There are also tons of sleep-promoting supplements available on the market today. While these can help, it is important to implement diet and habit changes first. It is also important to buy your supplements from a reputable manufacturer. Don’t drain your bank account on sawdust in a capsule. Some of the most effective ingredients include 5-HTP, melatonin, and magnesium.
- 5-HTP is a derivative of the sleep champion tryptophan.
- Melatonin is a hormone produced by the body naturally which signals your body that it’s time for bed.
- Magnesium allows proper communication among nerve cells to reduce restlessness.
- GABA, or gamma butyric acid, calms excited neurons. It relates to the rest and digest mode of the parasympathetic nervous system.
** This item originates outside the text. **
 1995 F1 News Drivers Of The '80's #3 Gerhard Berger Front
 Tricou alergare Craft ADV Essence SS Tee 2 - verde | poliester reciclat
Don’t forget about your protein supplements. Why not try a protein shake before laying down for the night? The amino acids will not only build and repair while you rest but enhance the quality of your sleep. There is great debate among experts about which is the best type of protein to help you get to sleep. Whey protein shakes do offer an optimal amount of tryptophan; however, if you are vegan, you might opt for pea protein instead.
Chronic insomnia can be detrimental to your health. It can compromise your immune system; weaken your cognitive abilities; and cause extreme anxiety. If this is an ongoing issue, you should seek medical assistance to get to the root of the problem. Certain disorders and medicines can result in sleepless nights. Insomnia is a side effect of many heart medications and antidepressants. Sleep issues can also stem from rapid weight gain, cardiovascular disease, and diabetes.